Play for study: Lemons Lemons Lemons Lemons Lemons by Sam Steiner

Sam Steiner, Beccy Thompson
Friday, September 1, 2023

Each issue of D&T we bring you a teacher or academic's guide to a play for study with your students. This issue, Beccy Thompson introduces Lemons Lemons Lemons Lemons Lemons.

 Adeeb and Shai's performance of Lemons, Lemons, Lemons, Lemons, Lemons
Adeeb and Shai's performance of Lemons, Lemons, Lemons, Lemons, Lemons

NHB

Plot

Sam Steiner's 2015 play Lemons Lemons Lemons Lemons Lemons (or Lemons x5) follows Bernadette and Oliver's romance as they negotiate a society in which a law is imposed permitting each person to use only 140 words a day. It is an amusing examination of romance, from the couple's meeting in a pet cemetery, to Bernadette's jealousy of Oliver's ex Julie and Oliver's problems with Bernadette's career as a lawyer.

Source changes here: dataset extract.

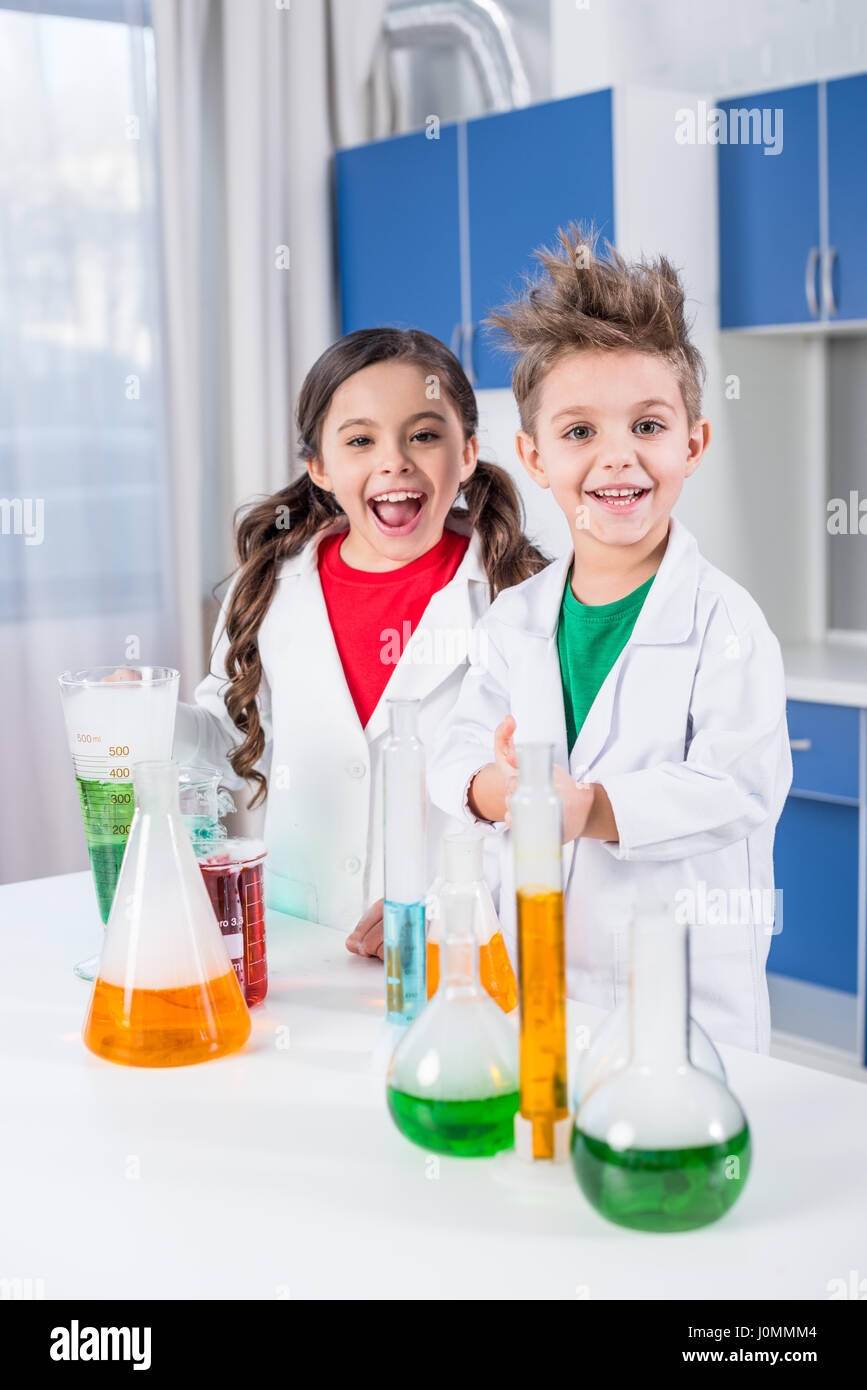 Contenti i bambini in camice da laboratorio in posa di laboratorio chimico e  sorridente in telecamera Foto stock - Alamy
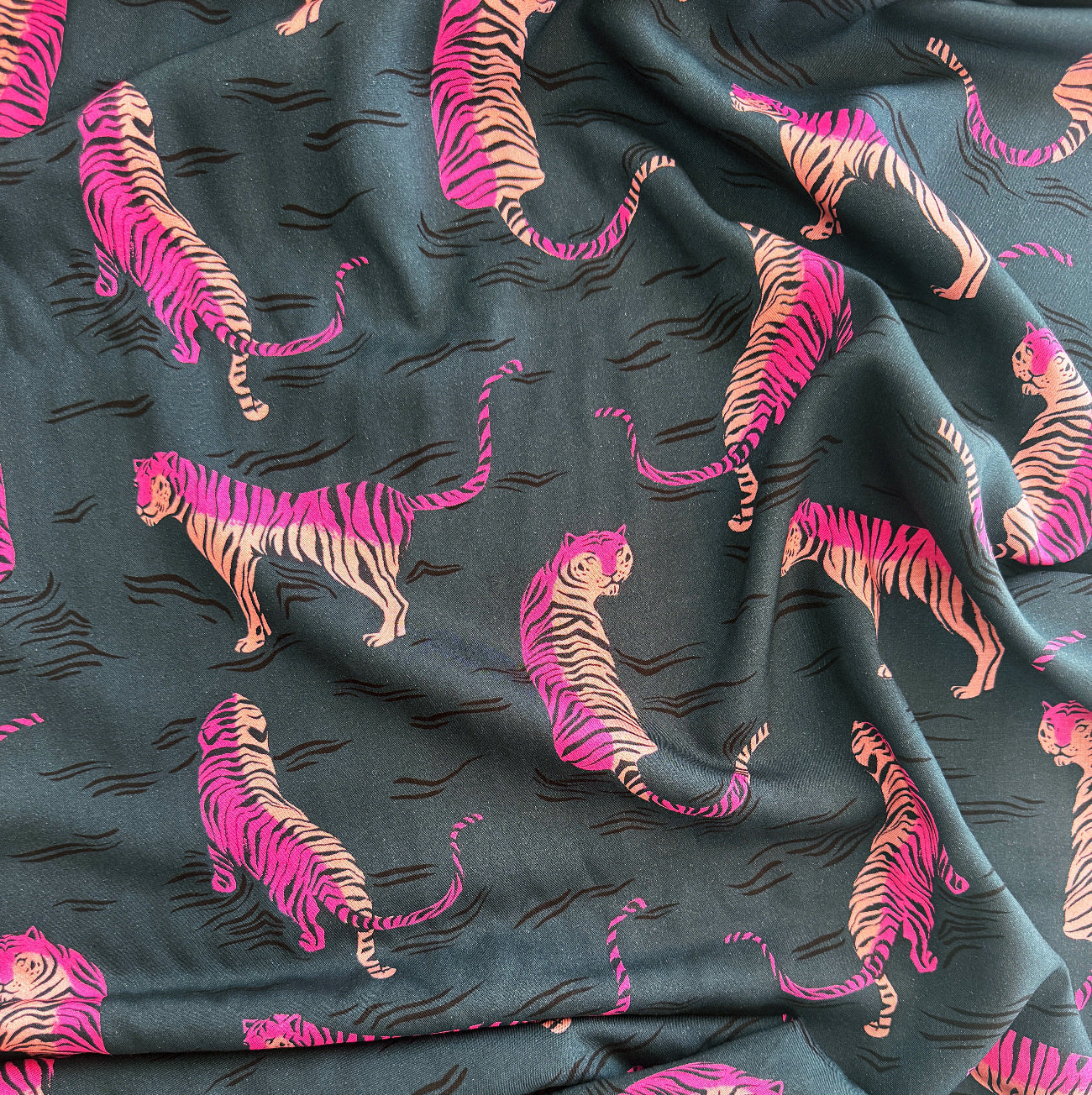 A close-up view of Rayon fabric featuring a dark teal background with a repeating pattern of stylized tigers in vibrant shades of pink and orange, accompanied by small black wavy lines.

It explores their differing perspectives on the impeding ‘quietude bill’. While Bernadette approaches the law naively, claiming that ‘apparently it's been really good in Norway’, Oliver joins a march against it. However, as Steiner's non-linear narrative unfolds, questions emerge about the importance of language for communication. When the bill is passed, the couple have to choose what to talk about and how many words to save to share with each other. The play ends with Oliver confessing his infidelity with Julie, with Bernadette (running low on words) replying coldly, ‘I think I knew’. At these heightened moments, Steiner strips the text and characters to their emotional core.

Themes

Love is the focus from the play's early scenes, which flit between pre and post-hush law. Bernadette's early utterance of ‘lovou’ seems like a charming phrase couples might share, but it foregrounds the difficult choices Bernadette and Oliver make about how to redact their words. As the story arc develops, the concept of freedom is examined. This could be discussed with students in terms of the current debate on freedom of speech. The swiftness with which the hush law is passed is absurd, but is now all too familiar in our post-Covid world. Oliver's angry reaction of ‘Democracy is about voices being heard’ is rendered as less dystopian and alarmingly familiar.

Style

The play is minimalist in style, which was reflected in Robert Jones’ set for the 2022 revival, consisting of brightly lit everyday objects stacked methodically against a Vantablack backdrop. Its repetitive title reflects the limitation of language and its potential for ambiguous use. Incidentally though, ‘lemons, lemons, lemons, lemons, lemons’ is just one line that Bernadette shouts in frustration at Oliver to use up words.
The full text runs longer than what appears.